In this vein, Picabia’s facility as a genre painter is undeniable, evidenced in his own Effect of Sunlight (1905) and Notre Dame (1906). Early in his career, we find an oscillation between different styles – before he abandoned ‘style’ tout court. By 1909, Picabia had mastered fauve-like daubs in views of Saint Tropez’s citadelle, before taking a vaguely synthetist approach to a Jura landscape. A portrait of the French actress Mistinguett, by contrast, is rendered in the poster-like format of Henri de Toulouse-Lautrec. It was Picabia’s highly eccentric take on cubism that first distinguished him in the Parisian salons, however. (On view here were key examples including The Spring and Dances at the Spring I, both 1912.) ‘Here,’ wrote critic Guillaume Apollinaire of Picabia’s so-called ‘Orphic’ cubism, ‘it is the medium which is the reality.’ Picabia’s flattened, rhythmic forms indeed further loosened painting from the strictures of figuration.
Picabia began exchanging such formal developments for all manner of conceptually inflected experiments, from his 1920 Holy Virgin (an inky splatter), to his equally irreverent Jeune Fille (Young Girl) of the same year (a hole cut out of paper). Over and against the futurist worship of mechanization (particularly in the wake of war), Picabia’s mechanomorphic images – many published in 391, the journal he founded and edited from 1917–24 – strike an unsettlingly equivocal tone, eroticizing the machine and de-romanticizing the human form. 391 and other publications proved as mobile and international as the artist himself, who travelled and exhibited from the US to Barcelona, where his 1923 solo show juxtaposed abstractions with mechanomorphic paintings.
With dada’s gradual unravelling, Picabia’s work, and its place in art history, began a series of zigzags. His oeuvre provided a repeated antithesis to the exhibition’s chronological tack. Rather than a neat passage from figuration to abstraction or conceptualism, Picabia dipped back into art history’s bag of tricks, through imagery suspended between earnest illusionism and wry irony. Though figurative, his paintings from the mid-1920s hardly reflect the wholesome values evinced by the ‘return to order’ in France. Superimposing all manner of styles within a single canvas, his series of ‘transparencies’ from the 1930s frustrate easy assessment. Still, The Spring (1935) appears simply retrograde in its neo-medievalism.

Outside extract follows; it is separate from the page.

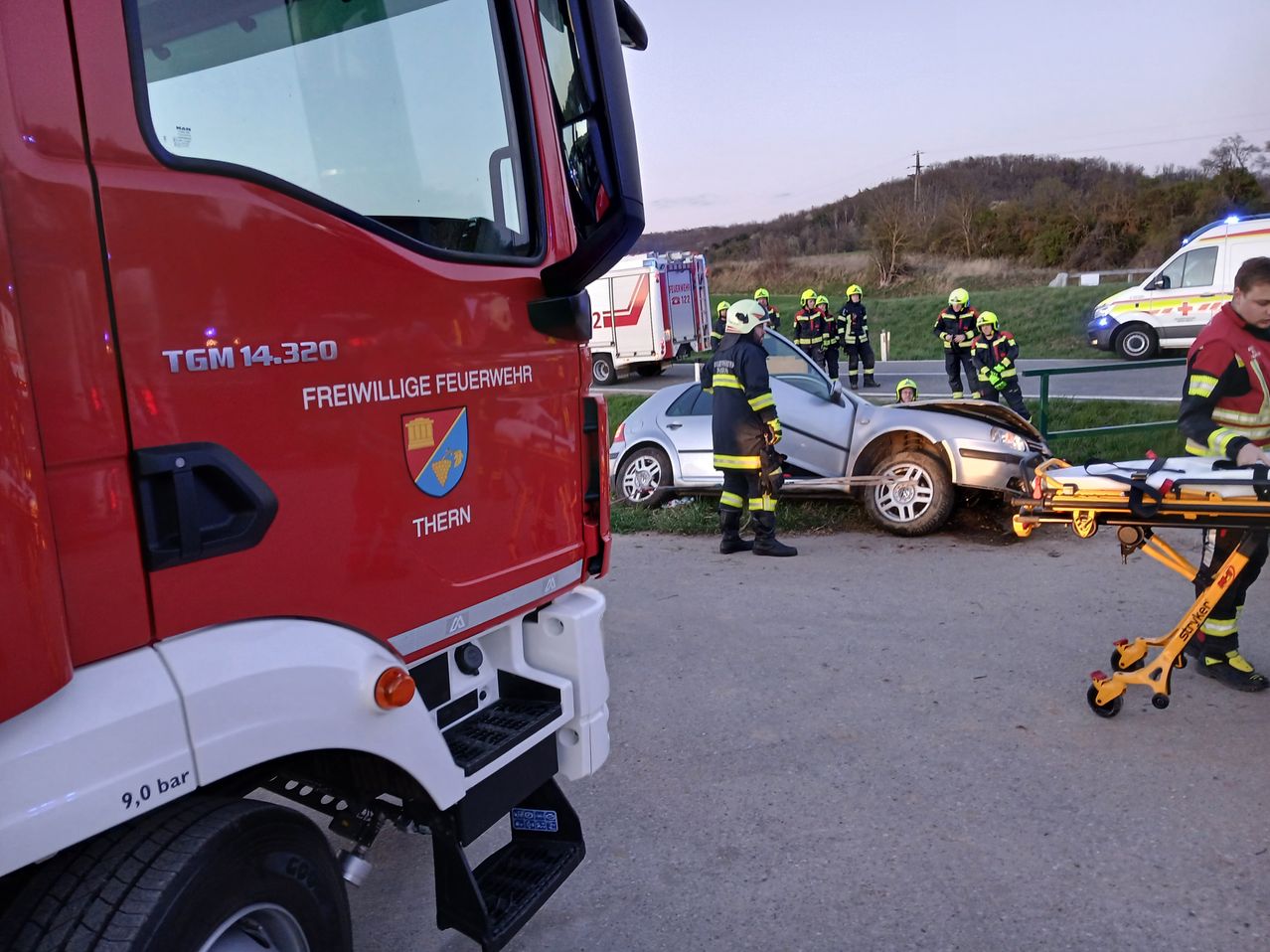 Ein freiwilliger Feuerwehrmann inspiziert ein beschädigtes Auto am Straßenrand, in der Nähe eines Feuerwehrwagens.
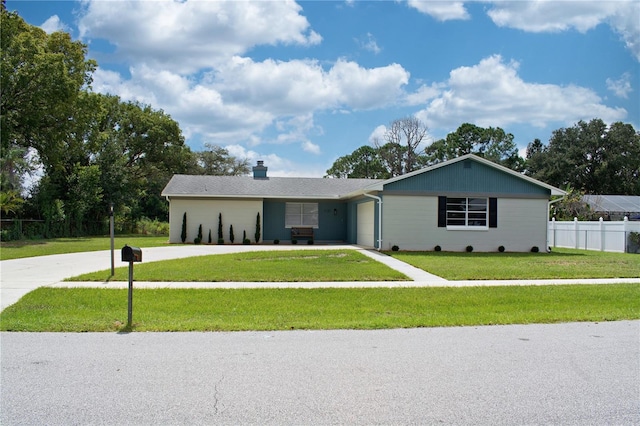 ranch-style house with a garage and a front yard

And how to read Portrait of a Couple (1942), with its rosy, Aryan faces? The show’s curators, Cathérine Hug and Anne Umland, argue for a parodic interpretation of Picabia’s late 1930s and early ’40s kitschy realist paintings, which seem at once to emulate and subvert National Socialist realism (something difficult to demonstrate on the gallery walls).
One of the most striking aspects of Picabia’s career is that his war against painting – against the lingering redolence of its romantic, revelatory genius – was waged through the medium of painting itself (along with his aide-de-camp, language). The mordancy of his Danse de Saint-Guy (Tabac-Rat) (St. Vitus’s Dance, 1919/49) – with its evacuated canvas – after all, is unleashed from the confines of the frame. It comes as little surprise, then, to find in Picabia’s 1920 tract Unique Eunuque (Unique Eunuch) the pronouncement: ‘All the paintings are dead and continue to live.’